Carrie’s clothes speak of her bravery and individuality, for the most part. But they also reveal a weakness for committing to terrible ideas, like a long-distance relationship with Aidan (John Corbett), in which he’s determined the terms of communication.
“The Rat Race” is a nod at Carrie’s discovery that her courtyard’s garden is infested with vermin, forcing her to tear it out and start over. She starts to share those details with Aidan in a text but thinks better of it after his brusque rejection of her recent attempt to initiate phone sex.

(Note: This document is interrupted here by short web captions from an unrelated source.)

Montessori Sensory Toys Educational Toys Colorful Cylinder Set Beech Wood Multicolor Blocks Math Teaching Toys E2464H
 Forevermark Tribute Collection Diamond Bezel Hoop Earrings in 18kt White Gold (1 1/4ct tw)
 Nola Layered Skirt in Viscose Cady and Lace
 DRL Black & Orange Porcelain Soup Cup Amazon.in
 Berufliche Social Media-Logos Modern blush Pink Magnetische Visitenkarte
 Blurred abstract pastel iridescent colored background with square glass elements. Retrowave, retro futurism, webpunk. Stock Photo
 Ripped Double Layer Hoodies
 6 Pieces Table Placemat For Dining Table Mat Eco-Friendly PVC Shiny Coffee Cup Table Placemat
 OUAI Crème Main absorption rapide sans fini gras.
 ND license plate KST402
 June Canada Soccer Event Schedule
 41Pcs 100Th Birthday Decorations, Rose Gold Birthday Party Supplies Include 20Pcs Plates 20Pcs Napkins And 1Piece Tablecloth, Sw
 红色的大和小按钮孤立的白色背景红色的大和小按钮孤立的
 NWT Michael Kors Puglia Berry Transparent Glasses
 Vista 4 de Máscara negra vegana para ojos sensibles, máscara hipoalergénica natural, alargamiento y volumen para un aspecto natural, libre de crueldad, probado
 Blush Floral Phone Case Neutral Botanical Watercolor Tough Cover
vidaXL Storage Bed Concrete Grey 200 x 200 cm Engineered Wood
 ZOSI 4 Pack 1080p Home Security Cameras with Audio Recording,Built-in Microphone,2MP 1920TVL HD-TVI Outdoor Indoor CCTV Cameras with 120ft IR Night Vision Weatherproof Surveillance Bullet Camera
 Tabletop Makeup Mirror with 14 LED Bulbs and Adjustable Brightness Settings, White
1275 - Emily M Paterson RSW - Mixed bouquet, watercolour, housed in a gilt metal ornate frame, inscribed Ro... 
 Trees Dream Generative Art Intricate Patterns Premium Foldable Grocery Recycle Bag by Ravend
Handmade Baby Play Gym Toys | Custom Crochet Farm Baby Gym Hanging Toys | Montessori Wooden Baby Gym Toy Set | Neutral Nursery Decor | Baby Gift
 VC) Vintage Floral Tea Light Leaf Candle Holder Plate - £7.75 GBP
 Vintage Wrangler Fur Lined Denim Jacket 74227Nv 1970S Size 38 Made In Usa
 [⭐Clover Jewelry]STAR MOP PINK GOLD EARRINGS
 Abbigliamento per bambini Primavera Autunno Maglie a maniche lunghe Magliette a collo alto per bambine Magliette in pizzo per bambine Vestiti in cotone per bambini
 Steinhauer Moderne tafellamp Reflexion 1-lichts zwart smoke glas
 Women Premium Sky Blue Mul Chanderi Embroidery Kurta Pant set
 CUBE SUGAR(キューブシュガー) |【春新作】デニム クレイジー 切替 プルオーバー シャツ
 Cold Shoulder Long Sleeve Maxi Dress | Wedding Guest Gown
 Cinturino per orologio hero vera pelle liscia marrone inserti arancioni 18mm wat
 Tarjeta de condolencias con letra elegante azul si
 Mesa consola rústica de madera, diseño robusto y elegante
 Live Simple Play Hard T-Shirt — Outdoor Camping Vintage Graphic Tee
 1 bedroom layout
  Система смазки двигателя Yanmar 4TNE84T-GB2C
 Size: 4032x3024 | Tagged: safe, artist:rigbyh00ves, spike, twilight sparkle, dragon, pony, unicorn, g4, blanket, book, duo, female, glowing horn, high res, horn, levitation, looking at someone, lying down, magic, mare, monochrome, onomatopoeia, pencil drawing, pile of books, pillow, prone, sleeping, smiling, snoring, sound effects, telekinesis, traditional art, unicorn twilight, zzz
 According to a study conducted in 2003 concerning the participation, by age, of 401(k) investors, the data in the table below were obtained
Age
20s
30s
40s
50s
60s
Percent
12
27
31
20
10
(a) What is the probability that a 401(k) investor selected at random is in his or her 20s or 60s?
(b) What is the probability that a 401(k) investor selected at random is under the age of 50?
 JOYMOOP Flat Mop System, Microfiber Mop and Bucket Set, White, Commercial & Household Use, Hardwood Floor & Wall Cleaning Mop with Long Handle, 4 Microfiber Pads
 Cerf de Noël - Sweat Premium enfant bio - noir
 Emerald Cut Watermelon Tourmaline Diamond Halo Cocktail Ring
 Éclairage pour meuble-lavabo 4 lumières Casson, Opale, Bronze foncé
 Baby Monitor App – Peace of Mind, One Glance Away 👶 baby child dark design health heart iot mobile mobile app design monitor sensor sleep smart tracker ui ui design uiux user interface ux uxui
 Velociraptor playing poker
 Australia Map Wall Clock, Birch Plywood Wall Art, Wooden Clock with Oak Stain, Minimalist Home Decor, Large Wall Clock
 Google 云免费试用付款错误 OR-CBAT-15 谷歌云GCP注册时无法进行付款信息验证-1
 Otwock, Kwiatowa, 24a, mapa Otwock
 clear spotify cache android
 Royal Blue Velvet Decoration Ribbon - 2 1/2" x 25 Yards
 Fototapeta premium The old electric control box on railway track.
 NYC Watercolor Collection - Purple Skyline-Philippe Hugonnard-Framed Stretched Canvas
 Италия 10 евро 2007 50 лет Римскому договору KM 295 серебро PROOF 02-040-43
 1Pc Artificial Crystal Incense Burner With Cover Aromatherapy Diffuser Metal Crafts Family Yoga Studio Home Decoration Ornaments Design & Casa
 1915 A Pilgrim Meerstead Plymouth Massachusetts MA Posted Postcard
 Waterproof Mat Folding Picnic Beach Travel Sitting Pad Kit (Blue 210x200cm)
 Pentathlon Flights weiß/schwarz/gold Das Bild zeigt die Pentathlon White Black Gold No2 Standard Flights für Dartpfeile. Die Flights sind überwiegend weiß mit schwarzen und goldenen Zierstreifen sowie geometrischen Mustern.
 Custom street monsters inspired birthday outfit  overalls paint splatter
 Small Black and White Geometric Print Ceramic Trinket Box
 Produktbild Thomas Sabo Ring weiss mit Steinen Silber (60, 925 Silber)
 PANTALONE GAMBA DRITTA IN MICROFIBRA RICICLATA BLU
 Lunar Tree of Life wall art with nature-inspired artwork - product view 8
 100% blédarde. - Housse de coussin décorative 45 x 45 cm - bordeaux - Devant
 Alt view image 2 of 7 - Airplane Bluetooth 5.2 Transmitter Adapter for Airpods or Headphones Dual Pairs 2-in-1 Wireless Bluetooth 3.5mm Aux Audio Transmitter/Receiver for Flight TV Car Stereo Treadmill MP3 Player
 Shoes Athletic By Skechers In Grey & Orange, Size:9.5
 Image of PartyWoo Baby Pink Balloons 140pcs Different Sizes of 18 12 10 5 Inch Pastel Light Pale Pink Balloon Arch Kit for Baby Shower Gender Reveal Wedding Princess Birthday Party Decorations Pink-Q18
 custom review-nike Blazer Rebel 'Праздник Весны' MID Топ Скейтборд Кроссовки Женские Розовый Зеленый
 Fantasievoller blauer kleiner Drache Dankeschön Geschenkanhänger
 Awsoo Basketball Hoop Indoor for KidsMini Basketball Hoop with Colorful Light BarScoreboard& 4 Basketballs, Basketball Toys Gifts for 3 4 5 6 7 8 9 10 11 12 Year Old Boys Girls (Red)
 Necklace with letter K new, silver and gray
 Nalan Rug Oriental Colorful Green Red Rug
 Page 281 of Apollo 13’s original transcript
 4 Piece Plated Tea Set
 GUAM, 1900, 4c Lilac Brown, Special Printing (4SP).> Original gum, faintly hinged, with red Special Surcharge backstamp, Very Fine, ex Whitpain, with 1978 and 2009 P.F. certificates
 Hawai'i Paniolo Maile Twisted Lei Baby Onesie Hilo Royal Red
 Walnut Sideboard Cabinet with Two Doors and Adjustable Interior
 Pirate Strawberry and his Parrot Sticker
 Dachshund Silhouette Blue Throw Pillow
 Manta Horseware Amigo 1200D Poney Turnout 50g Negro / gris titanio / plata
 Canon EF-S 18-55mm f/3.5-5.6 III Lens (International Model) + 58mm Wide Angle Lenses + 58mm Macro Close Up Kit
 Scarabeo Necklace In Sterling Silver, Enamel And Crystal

He shows up to her Gramercy Park apartment unannounced, which isn’t at all controlling, to let Carrie know that maybe he was freaking out a bit (ya think?) about his communication requirements. After he leaves, she sends a lengthy text about a table that she’s eyeing online. He doesn’t see fit to weigh in beyond offering a thumbs-down emoji.
The table, by the way, is nothing to scream about. Neither are any of the fits Carrie shows up in. The rats really do steal the show . . . well, not quite. Carrie hires a gardener named Adam (Logan Marshall-Green) to redesign her greenspace, drawn to his talent for transforming empty outdoor canvases into verdant works of art.
Adam is a T-shirt and jeans guy whose laid-back style tells us he’s ready to get dirty. That’s enough to raise our curiosity about the surprises waiting offstage in this fashion parade from which we can’t turn away.
“And Just Like That” streams Thursdays on Max.